As schools see more and more utility in sharing data through secure systems with appropriate privacy protections in place, those data are becoming increasingly available. I’m optimistic that our recent acquisition of Schoolzilla will help us refine our assessments because the schools using it have already seen some benefit in sharing those data, and it’s already designed to separate the information we need from anything identifying the student personally.
Everyone’s trying to crack this nut, so I’m looking forward to seeing the progress we’ll make on it at Renaissance and in the field more broadly.
The future of assessment
Schools typically test kids at the beginning of the year to screen who’s high, who’s low, and who ought to get special treatment, and then at the end of the year to determine who learned and who didn’t. More frequent but less time-consuming assessments throughout the year can help guide differentiation and instruction. In cases that require frequent progress-monitoring, our Star Assessments can be used monthly or even as often as weekly, although three or four assessments throughout the year should be enough to help teachers make decisions about individual students’ instruction. The trend toward using assessments to guide instruction is pretty well developed here at Renaissance, but it continues to grow around the country. I think that is the direction that things will increasingly go in the coming years.

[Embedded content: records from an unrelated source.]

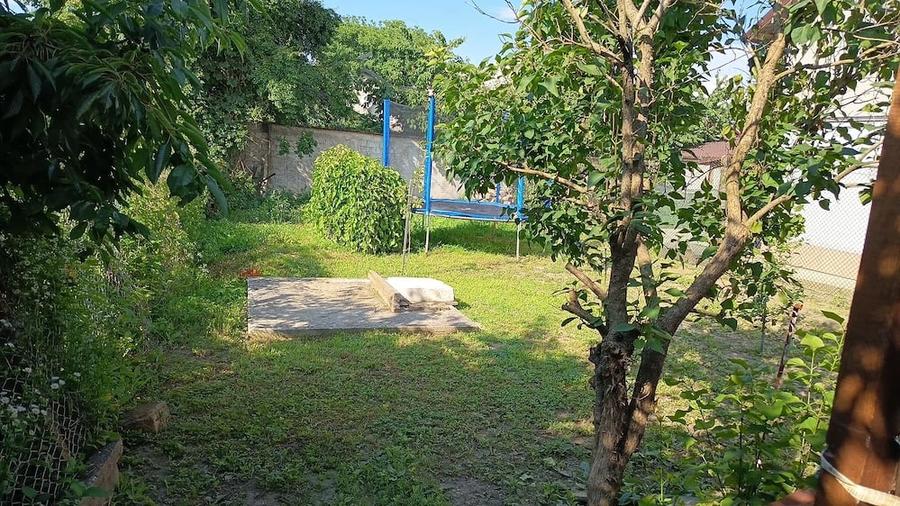 Casa Vii?oara 115000euro negociabil - 5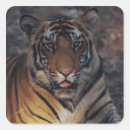 Search for tiger close up stickers Outdoors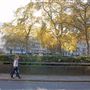 Cavendish Square
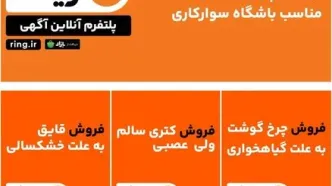 سامانه جدید جذب و توزیع آگهی وارد بازار شد/ «رینگ»،  پتلفرم جدید آگهی آنلاین وارد بازار شد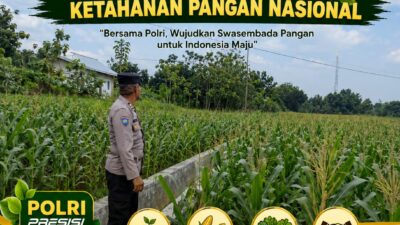 Polri dukung progam Astacita, Polsek Jatirogo Polresta Tuban Turun Cek Tanaman jagung Warga di Desa Kebonharjo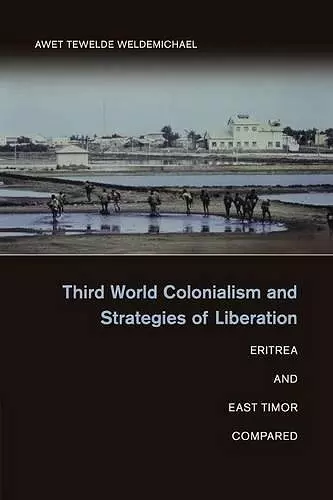 Third World Colonialism and Strategies of Liberation cover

Kids will be grouped, and students will be treated similarly within their group, but differently across groups, in an effort to bring everyone to the same point of competency. It probably won’t fully succeed in bringing every student to the point we’d like to see them—it has never worked before in all the ways that have been tried—but I think it’s a much more promising approach that we should pursue vigorously in the near future.
Another approach that I think we’re going to see more of in the long term is embedded assessments. These are tests that are folded into instruction so as to be indistinguishable. In theory, students won’t even know they’re being assessed, and the results should be available to inform instruction almost immediately.
This concept is new enough that it needs to be validated more. There will be some surprises (both happy and disappointing) as it’s developed and refined, but we’re likely to see a great deal of evolution on embedded assessments.
Increasingly, artificial intelligence (AI) applications are in development or used in educational settings, whether for assessment or instruction or a combination of the two. As with embedded assessments, the field still has a lot of shaking out to do, but it’s promising.
Again, I am optimistic while maintaining a healthy skepticism about changes like this. When new technologies come along, they need to be explored just as computer-adaptive testing was explored. CAT succeeded. A lot of other technologies have fallen by the wayside for one reason or another, and we’ll see that happen going forward again with other possibilities AI will open for us.
We need to be appropriately conscious of the fact that most exciting innovations will fall short for one reason or another. But that’s “old guy talk” that we don’t want to hear from the younger researchers exploring these new avenues. We need to encourage those innovators so they pursue the work that will uncover technologies and methodologies as effective as CAT.